Point 7 (on the power to depose) points to what will ultimately play out as a polity difference between the OPC and the URC and thus is a real difference, but more of a polity than doctrinal nature. Point 9 (on the true and false church) in the Belgic Confession is written at a point in time when the differences between true and false churches was plainer and a matter of kind not degree. After the proliferation of Protestant groups in the seventeenth century, the matter is less clear: Westminster Confession of Faith 25 is written after the development of Protestantism when it has become the case that the issue is no longer as clearly true or false church simpliciter but a matter of degree among a greater number of churches—“more or less pure.”

Even the historic difference with respect to confessional adherence (the OPC permitting scruples and the URCNA maintaining a “stricter” quia subscription) is not often what some have made of it (stricter vs. looser subscription is not the same debate as the quia/quatenus debate)[2] and reflects a lack of discernment regarding the fuller nature of the WS over against the TFU. What I mean is this: the Westminster Standards contain a more developed doctrinal statement than do the continental standards, with the former addressing matters like lawful oaths and vows (chapter 22) and marriage and divorce (chapter 24).

Permitting scruples about such wide-ranging confessional statements is not the same as permitting such with respect to documents that are more narrowly focused on soteriology and ecclesiology, as are the Three Forms of Unity. There is little that one could conceive of taking exception to in the continental standards, given their narrower explication of soteriological and ecclesiological Calvinism.

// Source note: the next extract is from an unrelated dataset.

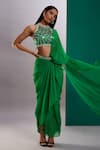 Buy_Preeti S Kapoor_Green Dupion Embroidered Mirror Round Draped Saree With Scallop Blouse _at_Aza_Fashions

All this is to say, that our continental brothers need not be nervous over the OPC permitting a few scruples, usually in areas in which their documents are silent or sparse (one thinks particularly here of matters related to the Sabbath as well as those addressed immediately above).

The differences, then, between the OPC and the URCNA, while doctrinal in some measure, are not thought to be chiefly such: the doctrinal differences tend to be matters of emphasis and the OPC coming from a more developed doctrinal statement in the Westminster Standards of the mid-seventeenth century than the earlier Belgic Confession (1561), Heidelberg Catechism (1563), and Canons of Dort (1618). It is agreed that the most significant differences between the two churches lie in the area of polity. Polity differences are not of the same order as doctrinal differences—we Presbyterians reflect this sometimes in referring to our doctrinal statements as secondary and our polity documents as tertiary (with the Scriptures being irreformable and thus primary). Consequently, one might surmise that where such differences obtain among the OPC and URC, it is better that they are only polity and not doctrinal differences.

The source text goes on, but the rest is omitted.